The Canadian League of Composers and the Canadian Music Centre are thrilled to announce Dylan Robinson as the winner of the 2023 Friends of Canadian Music Award. Dylan has selected Sherryl Sewepagaham to receive support as an emerging artist.
Dylan Robinson is one of the most important musical scholars working in Canada today. A xwélmexw artist, curator, and writer, his research focuses on “the sensory politics of Indigenous activism and the arts, and questions how Indigenous rights and settler colonialism are embodied and spatialized in public space.” Dylan’s critically acclaimed 2020 book Hungry Listening: Resonant Theory for Indigenous Sound Studies has become mandatory reading for Canadian composers, performers, musicologists, and really anyone curious about the world of Canadian contemporary classical music. From 2015-2022, Dylan served as the Canada Research Chair in Indigenous Arts at Queen’s University, and in June 2022 2021 was appointed as an Associate Professor at the University of British Columbia School of Music. His current work focuses on interdisciplinary performance practices for classical and new music. He is also chair of the Canadian Music Centre’s Indigenous Advisory Council. Across the various forms his research and practice take, he seeks to prioritise Indigenous resurgence and convey the sensory vitality of Indigenous life.
As one of our jury members said: sometimes friends are there to pat you on the back and tell you what a good job you’ve done, but other times, friends let you know that you need to get your proverbial stuff together. Dylan’s fearless and incisive work has raised critically important questions, holding up a mirror to Canada’s musical community, both past and present, and asking us all to question long-held assumptions and confront uncomfortable truths about our community. This is especially true for legacy organizations such as the CLC and the CMC. Both organizations have their roots in 1950s cultural policy that prioritized European and settler forms of art-making (including the use of Indigenous Cultural Intellectual Property) during a time of violent state policies targeting Indigenous communities including residential schools, the Potlatch ban, and the 60s scoop. We are incredibly grateful to Dylan for undertaking this work.

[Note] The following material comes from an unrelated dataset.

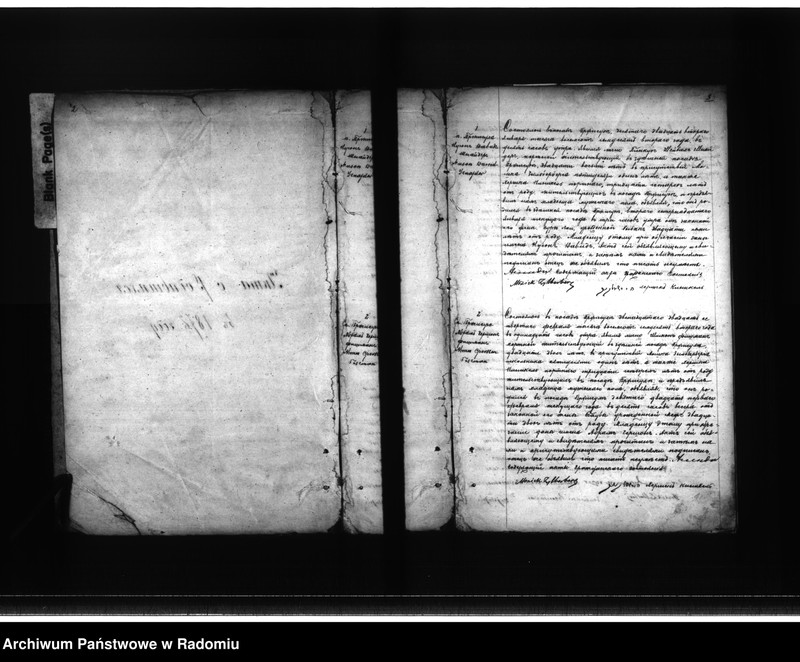 Obraz z jednostki "[Duplikat urodzonych, zaślubionych i zmarłych Bóżniczego okręgu Przysucha 1872 rok.]"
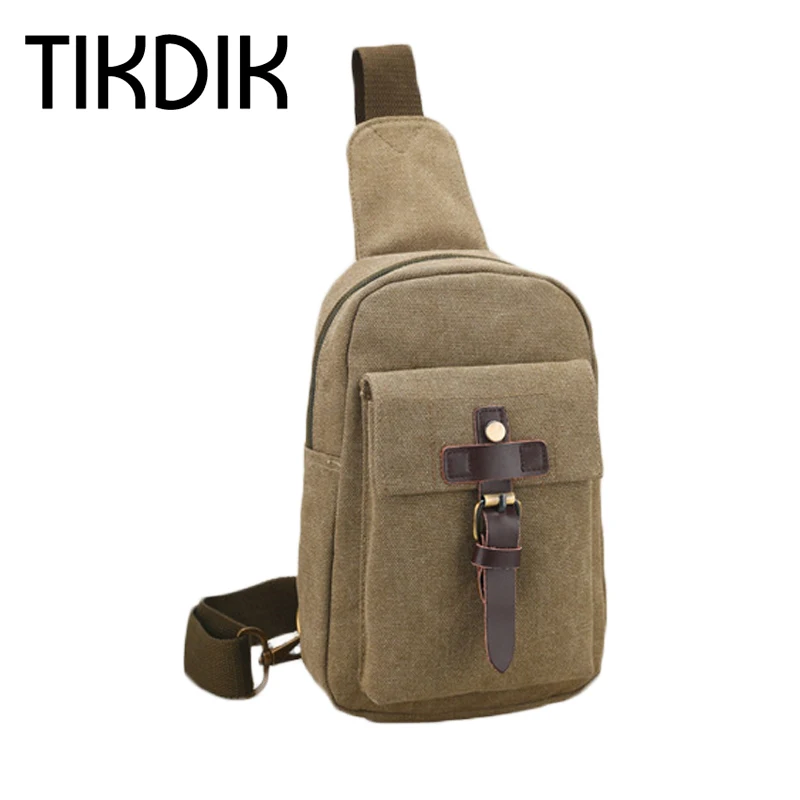 Винтажная Холщовая Сумка через плечо унисекс для отдыха мужская сумка в стиле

Sherryl Sewepagaham has an extensive career as a Cree singer-songwriter but has recently started to compose works for choirs, including Musica Intima, the Canadian Chamber Choir, and ProCoro Canada. Her work integrates Cree language into different musical forms that put those musical forms into the service of Cree language pronunciation and word meaning. While a typical compositional process might involve making Cree language fit Western musical forms, Sewepagaham’s work instead allows Cree language itself to sing. From an Indigenous perspective, Sewepagaham’s focus on Cree language demonstrates a sophisticated practice of Indigenous resurgence, where song is used – as Indigenous people have always done – as a primary vehicle to convey Indigenous knowledge.